▶ _WORK INSTRUCTIONS_
Quote the entries below from the line with "Lars Amadeus Men's" through the line with "Red Ninja Embroidery", both ends included, and only those lines.
───
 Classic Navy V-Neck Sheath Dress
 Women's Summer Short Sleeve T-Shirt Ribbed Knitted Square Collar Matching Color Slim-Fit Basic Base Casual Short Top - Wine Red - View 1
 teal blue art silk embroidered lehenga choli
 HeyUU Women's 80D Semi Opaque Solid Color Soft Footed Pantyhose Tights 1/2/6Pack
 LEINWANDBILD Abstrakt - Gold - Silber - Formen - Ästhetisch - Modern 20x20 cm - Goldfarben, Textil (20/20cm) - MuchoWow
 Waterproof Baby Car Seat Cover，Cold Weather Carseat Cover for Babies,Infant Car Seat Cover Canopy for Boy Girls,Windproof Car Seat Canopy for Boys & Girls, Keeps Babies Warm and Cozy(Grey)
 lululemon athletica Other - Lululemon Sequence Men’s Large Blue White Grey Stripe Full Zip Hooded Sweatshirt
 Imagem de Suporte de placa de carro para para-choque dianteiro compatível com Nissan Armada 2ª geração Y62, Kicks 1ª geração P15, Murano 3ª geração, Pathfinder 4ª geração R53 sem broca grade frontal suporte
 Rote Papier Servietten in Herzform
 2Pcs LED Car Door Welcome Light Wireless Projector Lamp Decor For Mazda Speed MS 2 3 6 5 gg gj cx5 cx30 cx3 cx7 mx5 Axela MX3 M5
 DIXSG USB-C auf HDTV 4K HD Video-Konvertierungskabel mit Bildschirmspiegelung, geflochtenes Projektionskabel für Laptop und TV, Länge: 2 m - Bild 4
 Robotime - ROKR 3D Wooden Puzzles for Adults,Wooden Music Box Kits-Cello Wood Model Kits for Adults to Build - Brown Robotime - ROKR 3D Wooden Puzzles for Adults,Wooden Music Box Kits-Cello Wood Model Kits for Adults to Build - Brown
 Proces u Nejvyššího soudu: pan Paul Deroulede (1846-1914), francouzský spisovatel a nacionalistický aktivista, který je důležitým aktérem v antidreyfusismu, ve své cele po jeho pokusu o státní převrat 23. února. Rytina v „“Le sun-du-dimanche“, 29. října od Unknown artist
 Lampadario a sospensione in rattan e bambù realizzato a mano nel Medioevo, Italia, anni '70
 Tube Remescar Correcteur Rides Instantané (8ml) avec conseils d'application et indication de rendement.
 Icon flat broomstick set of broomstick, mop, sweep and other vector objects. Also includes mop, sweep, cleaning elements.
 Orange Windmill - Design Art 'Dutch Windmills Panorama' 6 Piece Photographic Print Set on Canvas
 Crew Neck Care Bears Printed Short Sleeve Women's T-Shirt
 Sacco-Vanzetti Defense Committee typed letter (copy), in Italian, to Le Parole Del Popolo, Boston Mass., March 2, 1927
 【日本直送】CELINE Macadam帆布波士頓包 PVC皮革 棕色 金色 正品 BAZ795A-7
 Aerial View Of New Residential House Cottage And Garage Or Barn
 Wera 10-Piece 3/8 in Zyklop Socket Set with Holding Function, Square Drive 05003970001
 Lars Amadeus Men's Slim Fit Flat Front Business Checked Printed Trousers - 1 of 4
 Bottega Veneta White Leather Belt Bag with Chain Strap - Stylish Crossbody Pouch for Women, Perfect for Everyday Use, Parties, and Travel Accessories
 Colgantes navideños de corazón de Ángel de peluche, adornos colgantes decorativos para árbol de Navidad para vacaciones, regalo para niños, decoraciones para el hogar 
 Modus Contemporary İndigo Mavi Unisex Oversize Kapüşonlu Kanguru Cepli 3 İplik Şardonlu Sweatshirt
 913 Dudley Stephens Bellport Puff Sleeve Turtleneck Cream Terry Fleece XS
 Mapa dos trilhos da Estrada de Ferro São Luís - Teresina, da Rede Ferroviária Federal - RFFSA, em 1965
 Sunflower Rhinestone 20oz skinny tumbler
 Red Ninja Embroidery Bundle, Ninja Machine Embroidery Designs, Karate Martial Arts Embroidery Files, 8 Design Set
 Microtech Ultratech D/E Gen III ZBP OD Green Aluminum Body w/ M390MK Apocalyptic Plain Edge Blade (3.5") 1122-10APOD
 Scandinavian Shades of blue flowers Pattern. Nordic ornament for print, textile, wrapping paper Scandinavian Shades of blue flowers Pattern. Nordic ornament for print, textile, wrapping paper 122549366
───
▶ _RESPONSE_
 Lars Amadeus Men's Slim Fit Flat Front Business Checked Printed Trousers - 1 of 4
 Bottega Veneta White Leather Belt Bag with Chain Strap - Stylish Crossbody Pouch for Women, Perfect for Everyday Use, Parties, and Travel Accessories
 Colgantes navideños de corazón de Ángel de peluche, adornos colgantes decorativos para árbol de Navidad para vacaciones, regalo para niños, decoraciones para el hogar 
 Modus Contemporary İndigo Mavi Unisex Oversize Kapüşonlu Kanguru Cepli 3 İplik Şardonlu Sweatshirt
 913 Dudley Stephens Bellport Puff Sleeve Turtleneck Cream Terry Fleece XS
 Mapa dos trilhos da Estrada de Ferro São Luís - Teresina, da Rede Ferroviária Federal - RFFSA, em 1965
 Sunflower Rhinestone 20oz skinny tumbler
 Red Ninja Embroidery Bundle, Ninja Machine Embroidery Designs, Karate Martial Arts Embroidery Files, 8 Design Set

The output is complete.